Novidades

FENATRAN 2019

Poucos - mas grandes - lançamentos

novembro 2019

Entre 14 e 18 de outubro aconteceu, em São Paulo (SP), o 22o Salão Internacional do Transporte Rodoviário de Carga. Pela primeira vez a Ford esteve ausente da feira, mas não faltaram novidades: foram pelo menos três – importantes – trazidas pela Iveco, Mercedes-Benz e Volkswagen Caminhões.
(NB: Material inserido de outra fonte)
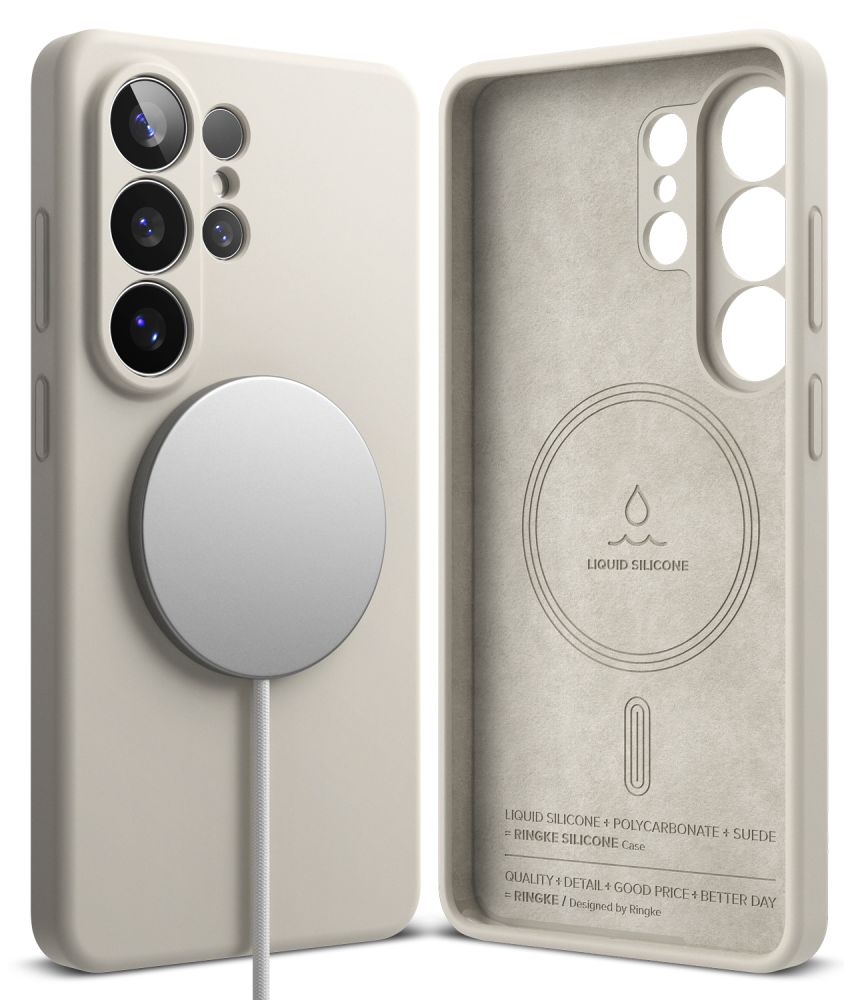 Ringke Samsung Galaxy S26 Ultra - Σκληρή Θήκη Σιλικόνης με MagSafe - Silicone Magnetic MagSafe - Stone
Scania e Volvo expuseram seus modernos pesados e extrapesados, recentemente atualizados, e Citroën e Peugeot mostraram suas linhas de utilitários, todos importados.

 

DAF

Ocupando o principal stand do Salão, um grande espaço bem à frente da entrada do pavilhão, a holandesa DAF deu mostras de sua determinação em continuar avançando no mercado brasileiro.

Além de expor as duas linhas de pesados CF e XT, lançou seu primeiro modelo rígido nacional – um CF 85 6×4 com carroceria basculante.

Além dele, surpreendeu com a exibição de dois caminhões leves LF, importados, a serem agregados ao serviço de assistência técnica da marca como oficinas móveis de manutenção – iniciativa que é, a um só tempo, bela vitrine para um modelo desconhecido no país e inteligente instrumento de pesquisa do interesse do mercado em sua nacionalização.

Como curiosidade – e sem qualquer intensão em comercializá-lo aqui -, a empresa mostrou um enorme caminhão T680 vermelho da norte-americana Kenworth, uma das três marcas produzidas pelo grupo controlador da DAF.

 

IVECO

A Iveco apresentou a nova geração dos utilitários Daily, mostrada em diversas versões – furgão, van para passageiros, chassi-cabine e cabine-dupla. Lançada na Europa em abril passado e com produção nacional programada para meados de 2020, a linha ganhou novo estilo, interior redesenhado, maior conteúdo tecnológico e itens de segurança e conforto, tais como controle de estabilidade e tração, assistente de partida em rampa, sensores de estacionamento, controle de velocidade de cruzeiro, central multimídia com tela sensível ao toque, ar-condicionado digital e comandos no volante. Para facilitar a manutenção, o para-choque passou a ser tripartido.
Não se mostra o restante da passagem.